107 S.E.2d 260 | Ga. Ct. App. | 1959

98 Ga. App. 818 (1959)
107 S.E.2d 260

COOK
v.
ATLANTA NEWSPAPERS, INC.

37489.

Court of Appeals of Georgia.

Decided January 15, 1959.

*819 Marvin P. Nodvin, for plaintiff in error.

B. P. Gambrell, John E. Dougherty, contra.

TOWNSEND, Judge.

A fair and honest report of a judicial proceeding is conditionally privileged. Code § 105-704; Atlanta Journal Co. v. Doyal, 82 Ga. App. 321 (60 S.E.2d 802). In construing a newspaper article, the headline must be considered as an integral part thereof. Augusta Chronicle Pub. Co. v. Arrington, 42 Ga. App. 746 (157 S.E. 394); Paschal v. Georgian Co., 43 Ga. App. 195 (158 S.E. 372); 59 A. L. R. 1061. While, under the headline taken alone, the construction urged by the plaintiff might be so understood by the general reader, the headline nowhere refers to or identifies the plaintiff. In the body of the article, the plaintiff is identified, but by that very identification no other construction can be placed upon the article as a whole by the average reader than that the headline is a play on words and did not in fact refer to any person as being a rogue or thief. No allegation of the petition amounts to an affirmative statement that the article is not a truthful report of the judicial proceeding referred to therein. Truth is a complete defense in a civil action. Henderson v. Fox, 83 Ga. 233 (9 S.E. 839). The petition here accordingly falls under the same rules of law as Harrison v.

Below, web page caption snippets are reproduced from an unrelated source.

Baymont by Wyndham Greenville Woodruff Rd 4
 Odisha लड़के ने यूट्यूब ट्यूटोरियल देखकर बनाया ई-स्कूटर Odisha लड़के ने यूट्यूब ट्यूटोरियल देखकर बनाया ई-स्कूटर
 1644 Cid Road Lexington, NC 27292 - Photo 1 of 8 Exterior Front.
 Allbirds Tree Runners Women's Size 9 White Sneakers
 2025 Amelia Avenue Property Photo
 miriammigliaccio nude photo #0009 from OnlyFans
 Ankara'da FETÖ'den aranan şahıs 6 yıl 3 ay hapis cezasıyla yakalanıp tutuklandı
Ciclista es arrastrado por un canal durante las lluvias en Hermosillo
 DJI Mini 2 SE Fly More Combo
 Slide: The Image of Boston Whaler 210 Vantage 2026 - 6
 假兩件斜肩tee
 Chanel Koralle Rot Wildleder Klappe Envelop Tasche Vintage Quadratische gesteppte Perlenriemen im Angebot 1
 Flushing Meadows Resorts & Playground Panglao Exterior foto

Constitution Publishing Co., 41 Ga. App. 102, 107 (152 S.E. 131) wherein it was stated: "There can be no dispute that the newspaper would be fully within its rights in *820 reporting the court proceeding against the plaintiff, charging him with maintaining a public nuisance of the kind and character described, irrespective of whether such a publication might result in loss, damage, or injury to the plaintiff or his property, the only limitation being that in reporting such a proceeding the newspaper must do so correctly." Whether the calculated publicity given a personal matter, newsworthy if at all only because of the plaintiff's sensitivity to public reaction, might be unkind, morally reprehensible, or legally actionable as an invasion of privacy, is not before this court. It was not false or libelous, and accordingly the trial court did not err in sustaining the general demurrer and dismissing the petition.

Judgment affirmed. Gardner, P. J., and Carlisle, J., concur.